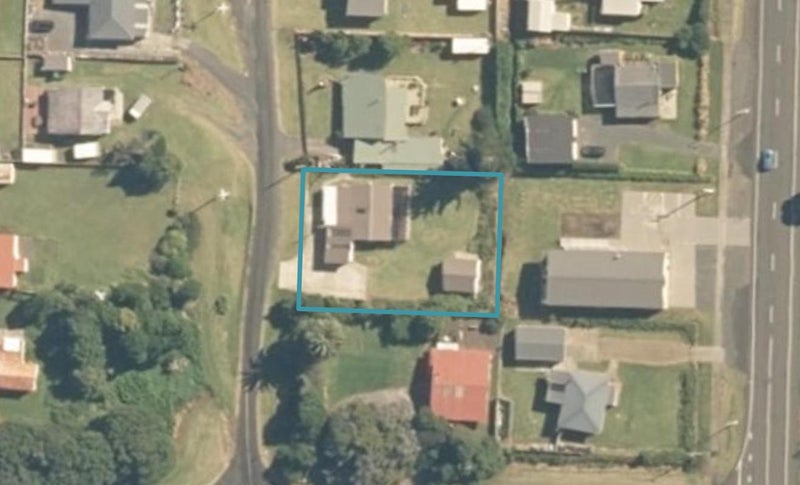 13 Tainui Street, Mōkau - Carousel 1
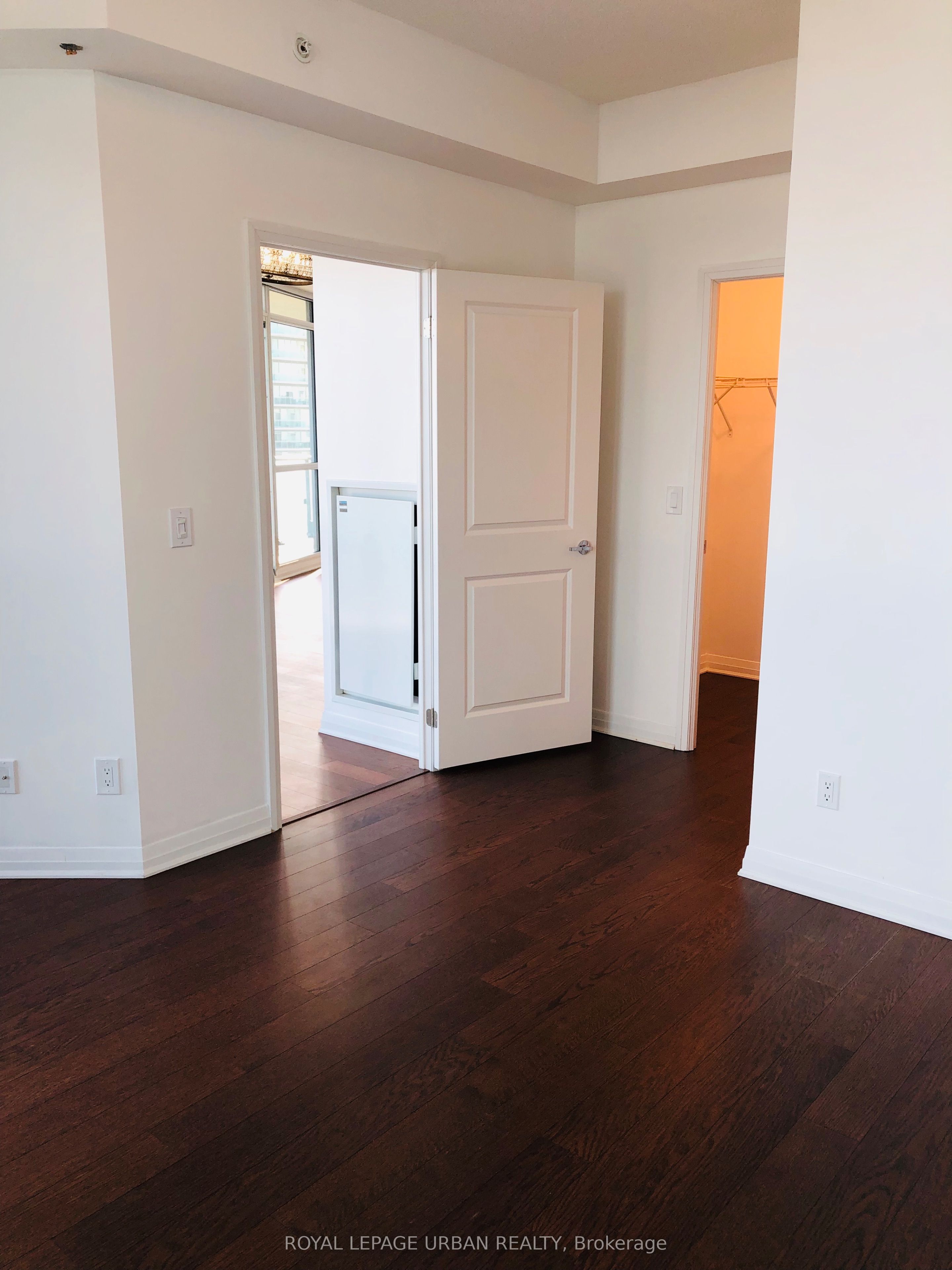 MLS #W12456658 image #11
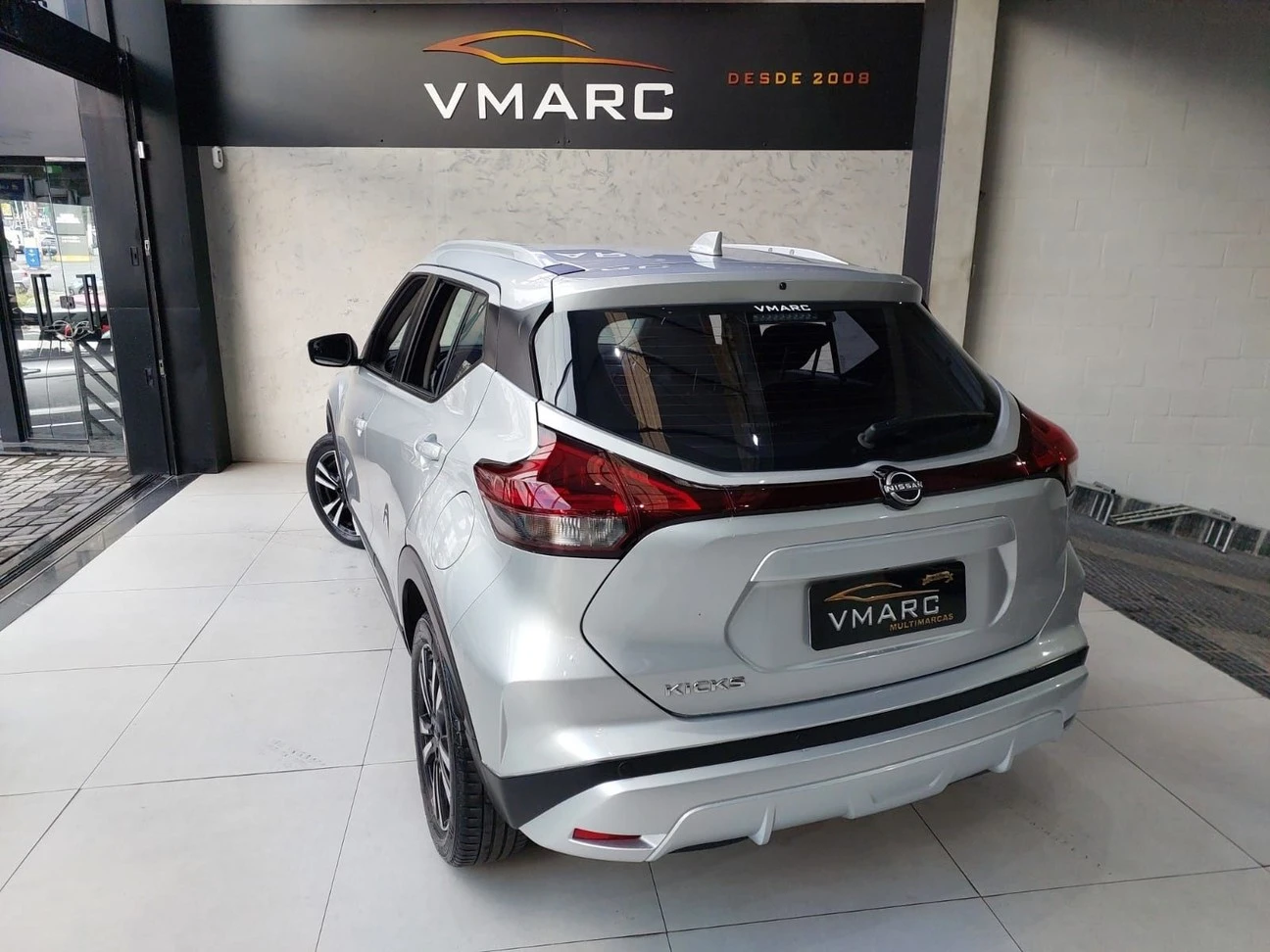 NISSAN KICKS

Exercise —
Copy each line above precisely, dropping the pictures.

Your response —
 13 Tainui Street, Mōkau - Carousel 1
 MLS #W12456658 image #11
 NISSAN KICKS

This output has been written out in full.